### PROBLEM STATEMENT
Your task is to copy the listing exactly, with the pictures left out.

### GIVEN DATA
________________________

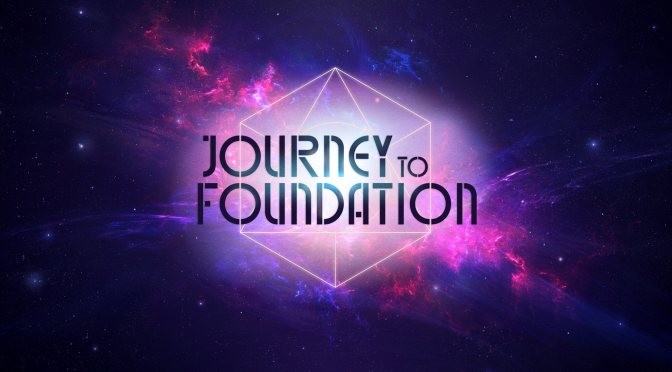 Journey to Foundation aventura narrativa do PSVR2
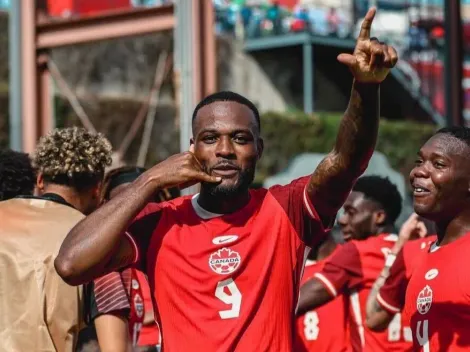 Canadá se mete en el grupo de Chile en la Copa América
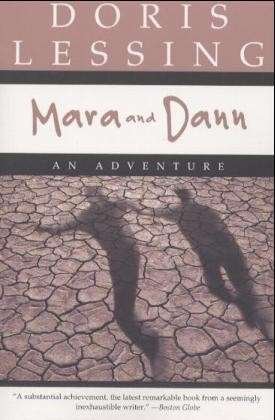 Cover for Doris Lessing · Mara and Dann (Pocketbok) (2000)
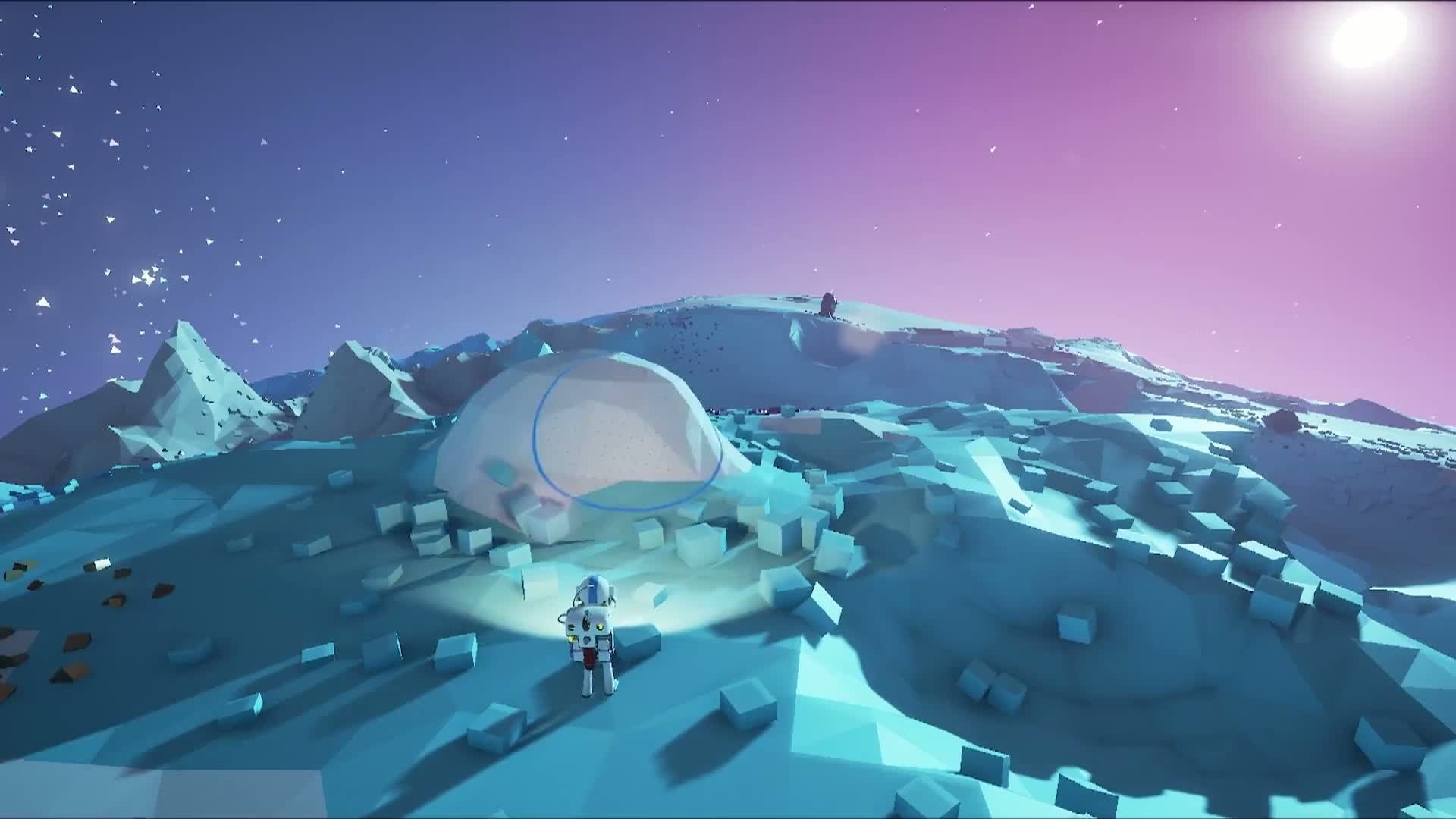 video game Astroneer space exploration Sci Fi Image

________________________

### SOLVED PROBLEM
 Journey to Foundation aventura narrativa do PSVR2
 Canadá se mete en el grupo de Chile en la Copa América
 Cover for Doris Lessing · Mara and Dann (Pocketbok) (2000)
 video game Astroneer space exploration Sci Fi Image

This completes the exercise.